We measured the synthesis of mtDNA-encoded proteins by [35S]Methionine de novo labeling and reveal that mtRF1a loss affects the translation of most mtDNA-encoded transcripts including the non-canonically terminated transcript of ND6, but not of COX1 (Fig. 3a). Contrary, the synthesis of COX1 is exclusively affected in mtRF1−/− while others are produced comparable to wild-type control (Fig. 3b). Nevertheless, COX1 is still produced in mtRF1−/− and is detectable in respiratory supercomplexes comparable to wild-type control (Fig. 2e) indicating a higher stability of the reduced newly synthesized COX1 in mtRF1-deficient cells. To prove this hypothesis we monitored the stability of COX1 by [35S]Methionine pulse-chase experiment for 24 h. Indeed, COX1 reveals a higher stability in mtRF1-ablated cells compared to wild-type control (Supplementary Fig. 3a, b). These results suggest that the limiting amounts of COX1 are sequestered by respiratory supercomplexes to enhance its stability and to ensure respiratory competence in mtRF1−/−. These findings are reminiscent to previous observations, where it has been reported that reduced levels of complex IV are preferentially assembled into respiratory supercomplexes also to ensure the assembly and stability of complex I24,25,26.

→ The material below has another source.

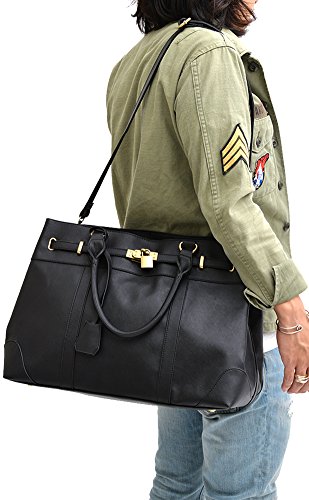 大注目 ブリスレザー Blissleather 大容量 2way 本革風 南京錠 Puレザー 大容量 ファスナー 南京錠 トートバッグ 父の日 ギフト プレゼント Bl504 B07d1pgmsn Bk Bk 高い品質 Afamilano It
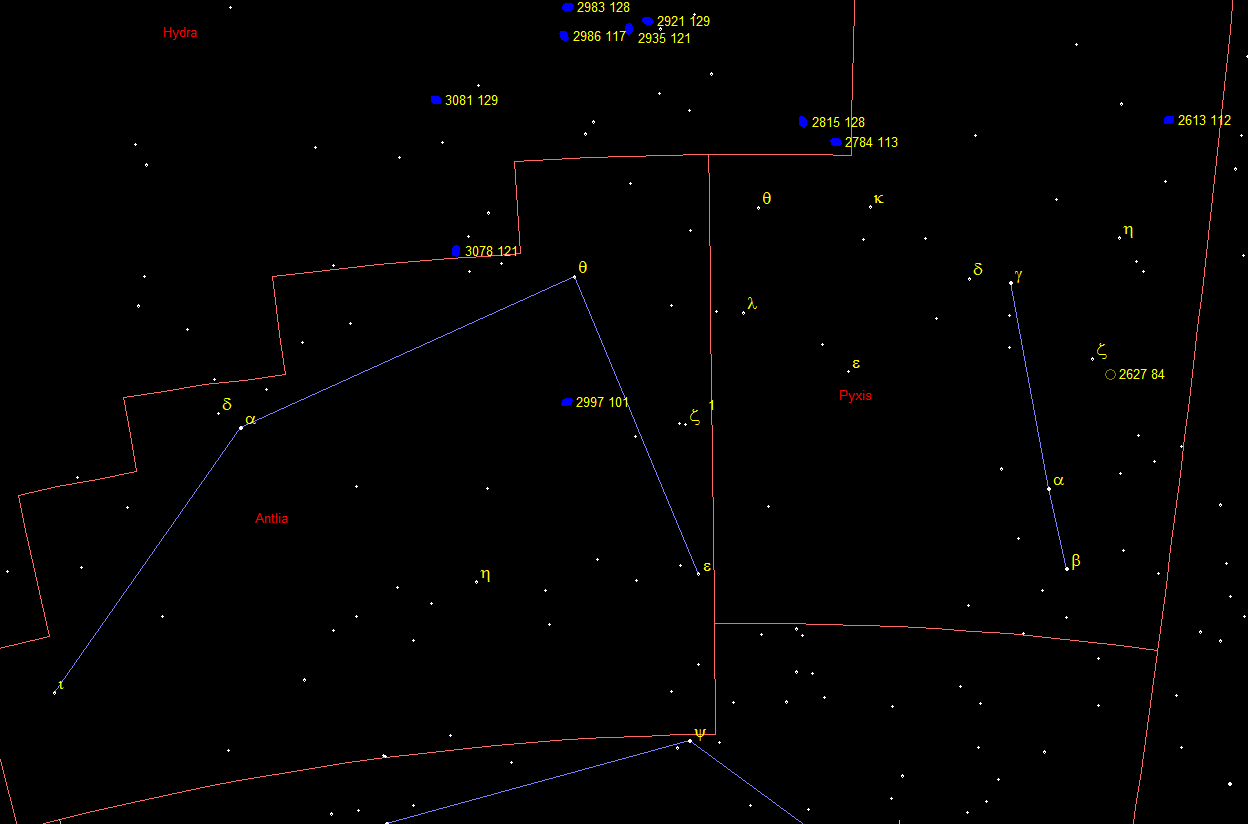 Oggetti di Herschel 2500 nella costellazione Antlia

Fig. 3: Mitochondrial translation requires mtRF1 and mtRF1a.
figure 3

a, b The synthesis of mtDNA-encoded proteins was analyzed by [35S]Methionine de novo incorporation in wild-type (WT), mtRF1a−/− (a) and mtRF1−/− cells (b). Samples were analyzed by autoradiography and western blotting, respectively, and relative intensity was measured using ImageJ software. Similar results were obtained in n ≥ 3 biologically independent experiments. c Loss of mitochondrial release factors does not affect mitochondrial ribosome biogenesis. Purified mitoplasts (500 µg) from indicated cell lines were separated by sucrose density ultracentrifugation. Collected fractions (1–16) were analyzed by western blotting using uL23m as a marker of the large mitoribosomal subunit (mtLSU) and uS15m to indicate the small mitoribosomal subunit (mtSSU). Input = 10% of total. Similar results were obtained in n ≥ 3 biologically independent experiments. dg The GGQ motif is required for mtRF1 and mtRF1a function. C-terminal FLAG-tagged variants of mtRF1a and mtRF1 were ectopically expressed in the respective knockout cell line. Mitochondrial translation was monitored as in a. Newly synthesized ND6 (e) and COX1 (g) were measured in the indicated cell lines (individual data points are shown as circles) and calculated relative to WT (dashed line, 100%). Statistical analysis was performed as two-sample one-tailed Student’s t-test with n = 3 biologically independent samples and shown as mean ± SEM. Significance was defined as ***p ≤ 0.001. Asterisk in (d) indicates unspecific signals. Source data are provided as a Source Data file.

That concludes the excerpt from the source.